Managing Data Quality in Databricks

In this guide

Trust the data you use in Databricks

For all the things your organization uses Databricks to achieve, none of it is truly reliable without good-quality data. Every decision that relies on pipeline output, every machine-learning model that trains on data, every downstream report is only as sound as the data that feeds it. Checking data quality is a baseline requirement; without it, the data that matters most to data engineers and any downstream data consumers is unreliable at best, and silently misleading at worst.

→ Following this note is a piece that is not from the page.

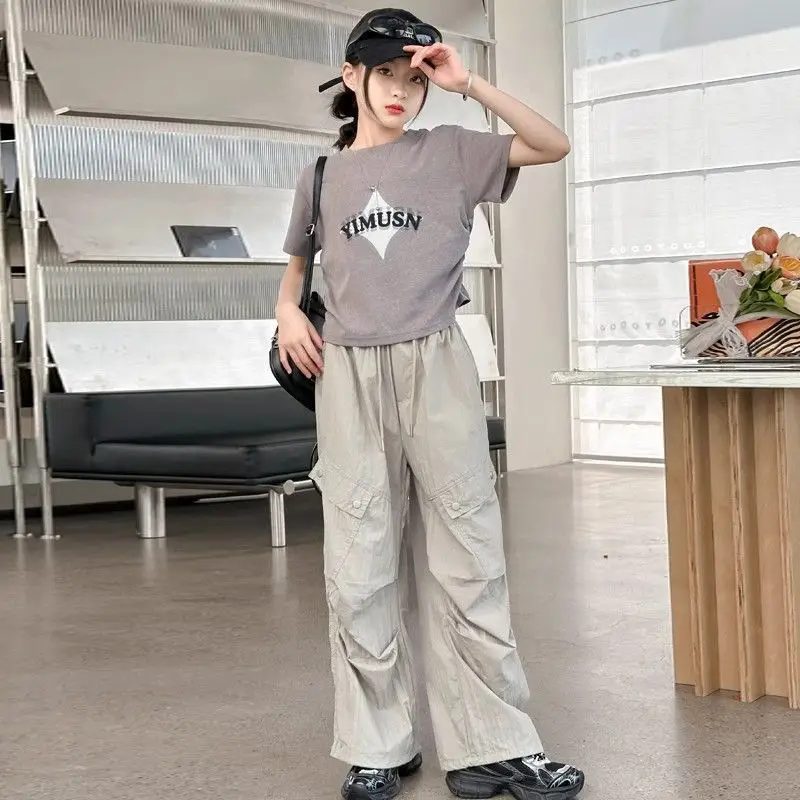 

Корейские ультра милые летние новые поступления для девочек, ультратонкие дышащие рабочие брюки, цельные модные брюки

When approaching this challenge, the first step is to establish and maintain a basic level of data quality testing on the data you ingest, transform, and analyze in your pipelines and notebooks. Using Soda Library, Soda’s enterprise framework for data testing, data engineers can invoke Soda checks for data quality directly from within a Databricks Notebook, as in the following simple example.

Soda efficiently gathers the business rules for data quality that you defined, then runs aggregated SQL queries on your data to surface any data that falls outside expected parameters for completeness, timeliness, validity, and more.

In Databricks, invoke Soda as frequently as you need to check for data quality early, and often.

Check for data quality after ingestion to validate that data remains intact and as-expected.
Check again after referencing data and joining tables to confirm data is complete and valid.
Check again before exporting to an external source, or to “circuit break” your pipeline so poor-quality data flows no further downstream.

Leverage the Soda Cloud platform to level up

After using a Soda Python library to establish a baseline for good-quality data in Databricks, level up your data quality game by leveraging Soda Cloud. A best-in-class data quality management platform, Soda Cloud offers visibility into historical measurements, tracks data quality trends over time, and enables data engineers to set up granular alert notifications when the most important data triggers red-flag warnings.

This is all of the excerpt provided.